Generally speaking, ogres are naturally hairless but may have patches of bristles on the scalp, jaw, and back — and often wear wigs, because they find hair fascinating. Their thick skin and dense layers of fat make them difficult to hurt and fairly resistant to cold weather, as well as comfortably buoyant. Unlike the majority of the world’s races, they have only four digits per hand/foot.
More specifically, the ogres of the north are split into three tribes — previously four. The Voryeshki ogres are the tallest, though not always the broadest, and known for their reddish skin-tone and long tusks. Those that do not live in Gejaran or Krovichankan cities tend to dwell on the taiga and along the shore of the Sea of Ice. They are considered the friendliest of the northern tribes and are the most likely to mix their blood with that of other peoples.
The Ghesjek ogres are the shortest and darkest, varying in tone but usually a deep brownish-purple, and have stubby tusks that impede their speech only minimally. While they are considered the most hostile of the tribes, this is more because they have only recently been ousted from their territory in the Daecian Swamp than because of a greater natural aggression. They live in the southern parts of the taiga and patches of the east coast, with only a few tribal representatives dwelling in Gejaran or Krovichankan cities.
Finally, the Leshya-Naanja live in the northern foothills of the Khaeleokiel Range, where volcanic hot-springs make life tolerable despite the bitter winds. They are sometimes called ‘forest ogres’, and have adapted a mottled avocado or olive skin tone with greyish undertones. While not exactly friendly, they do trade with their human and skinchanger neighbors, but have been known to attack Imperial outposts without provocation. They have moderately-sized tusks and larger eyes than the other tribes’, and tend to be standoffish even among fellow ogres. They are also the most vegetarian.
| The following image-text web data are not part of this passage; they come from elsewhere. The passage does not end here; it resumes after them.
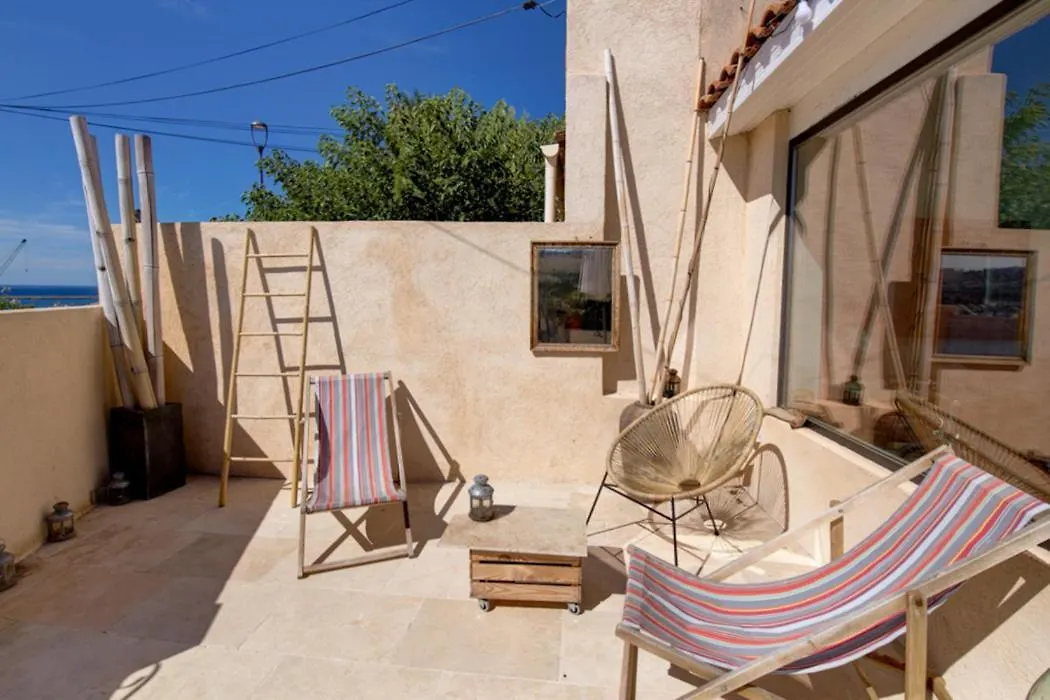 Maison Vue Mer, Marseille. Francie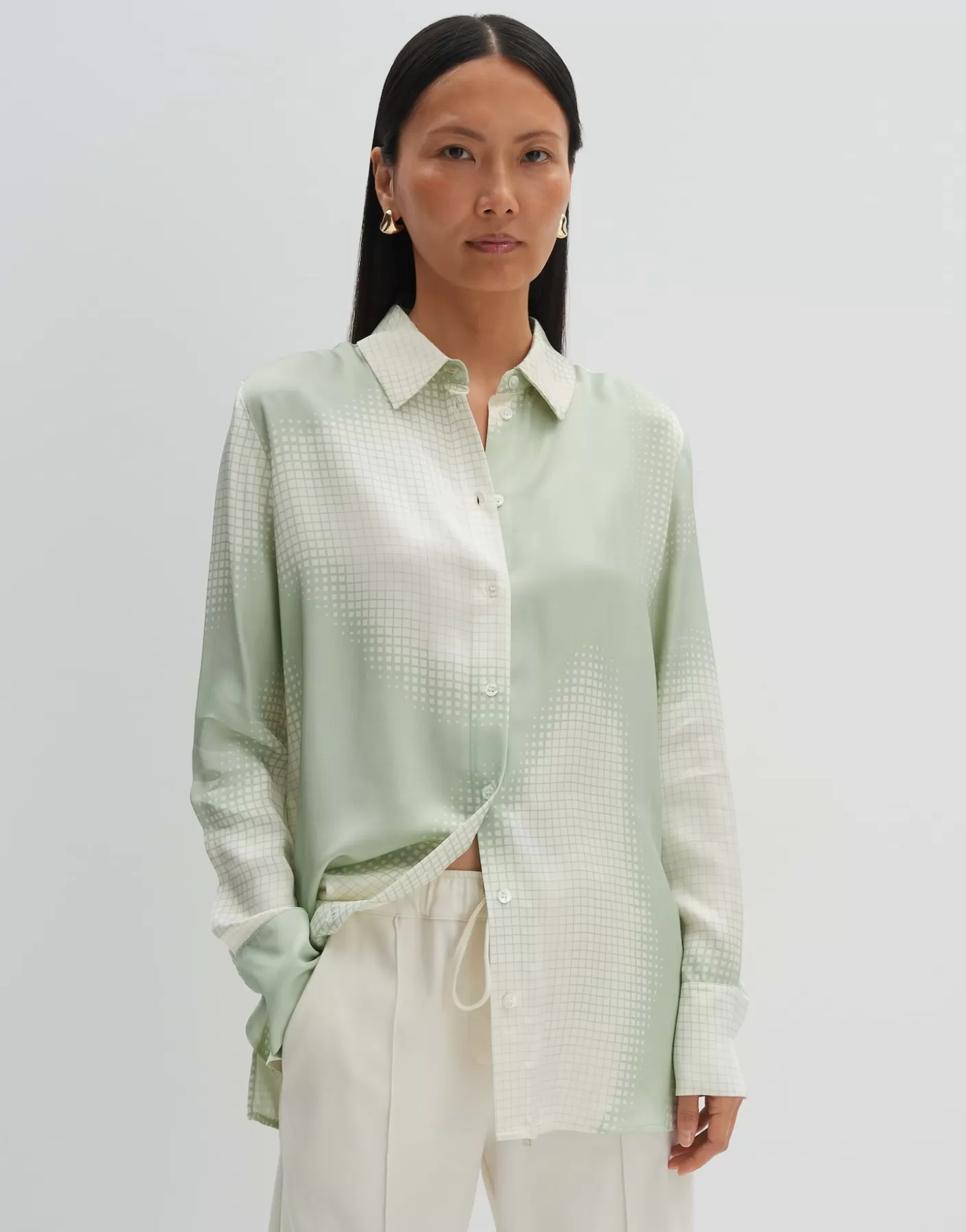 Chemisiers<OPUS Commander Blouse En Satin Zisakia Vert En Ligne pale jade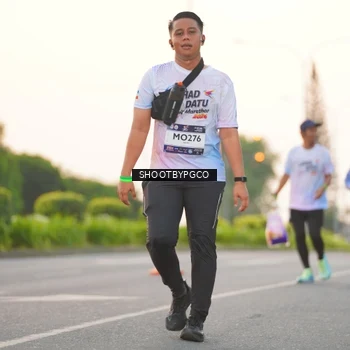Runner Photo 7844708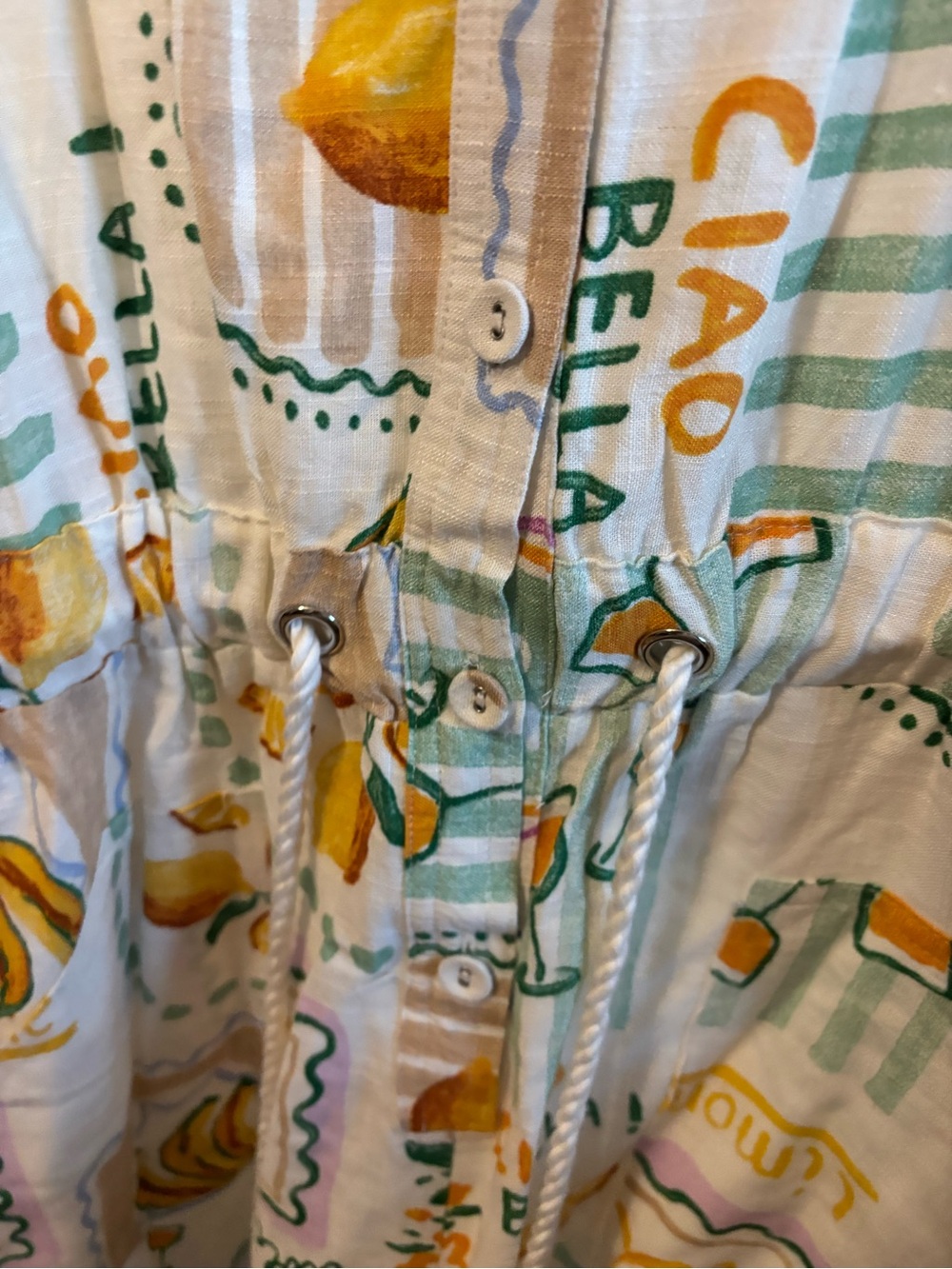 La Vie En Rose Cream with Lemon & Mint Graphic Print Romper - Picture 10 of 11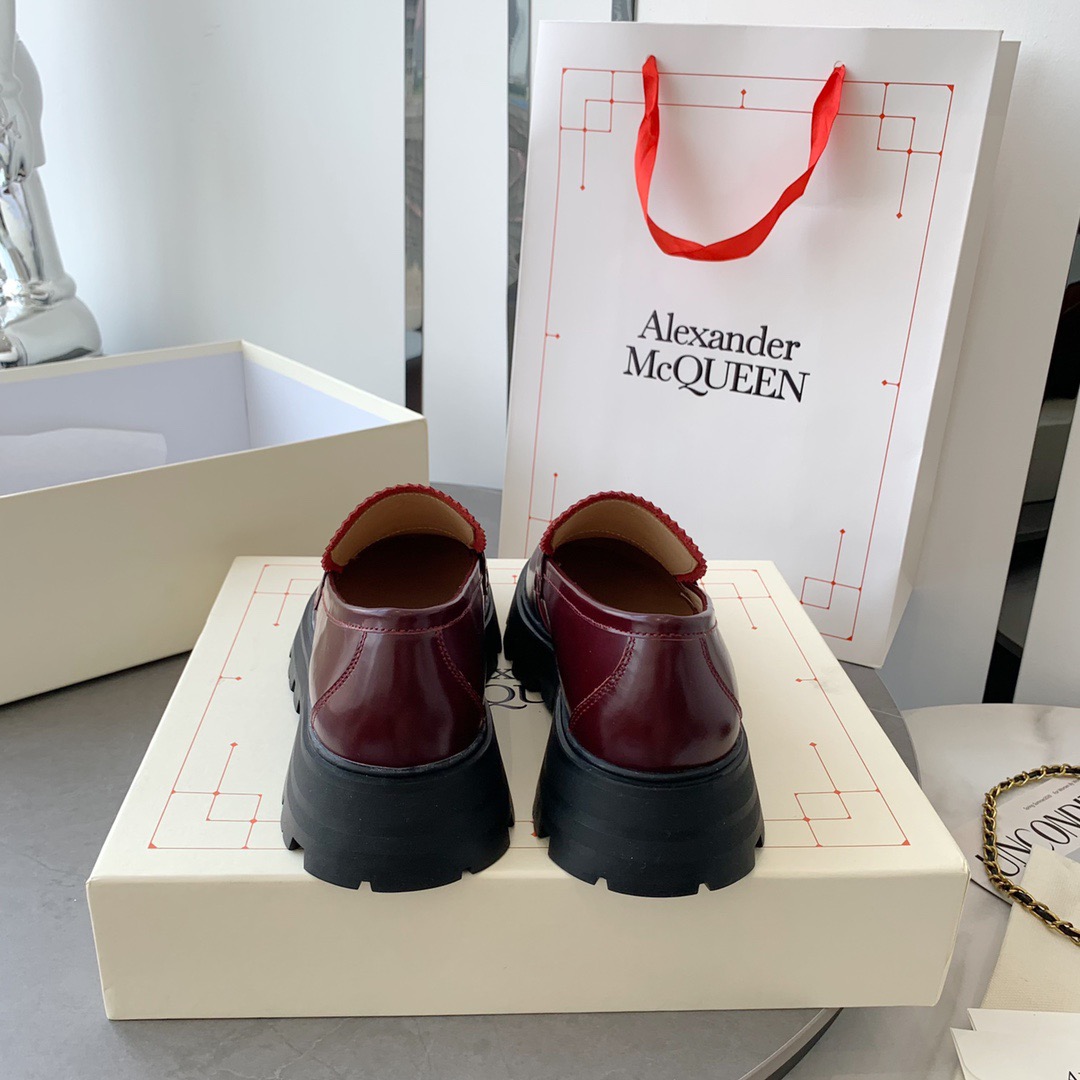 Alexander MCQueen woman is 35-40 - vstockx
As for the southern ogres, they may bear resemblance to any of the three or to the original sooty-brown baseline. They live in innumerable small tribes — some no bigger than an extended family — either in isolation along the rivers and coasts and swamps or as enclaves within the many human cities. The original ogrish settlements were wiped out long ago by natural disasters and hostile skinchangers, and so these returned and remnant ogres are just a small (but still formidable) population in their home territory, heavily outnumbered by their own mixed-blood offspring.
Eiyets:
These denizens of the Shadow Realm can be found anywhere that shadows gather, though they are not normally visible. As the souls of children who died before they were named — and thus could not be claimed by the Goddess of Death — they often congregate where other children are, both to play with them and to protect them. Children under the eyes of the eiyets have been rescued from kidnappers, defended from abusers, and guided home when lost, but no adult will find such kind treatment from these shadow creatures; those who try to harm children under their care will be found mangled to unrecognizability.
The Shadow Folk (or Kheri) who inhabit the Shadow Realm alongside the eiyets often take advantage of their connection to the physical world, by inducing them to aggregate into eiyenbridges that the Kheri can then traverse. Using an eiyenbridge to pass from the Shadow to the real (or vice versa) is a dangerous proposition, though. Eiyets can sense fear, sickness, hostility, corruption and various spiritual markers, and have been known to attack people in mid-crossing even if they initially let them in. Additionally, eiyets are prankish, playful and kleptomaniacal, forcing the Kheri to dedicate a lot of time to replacing what they’ve stolen.
(I drew the picture above. Imagine the eiyet as made entirely of matte black spiky stuff, with only the eyes reflective, chewing on a coin about the size of a quarter. Nom nom nom. Now imagine a bridge made out of them.)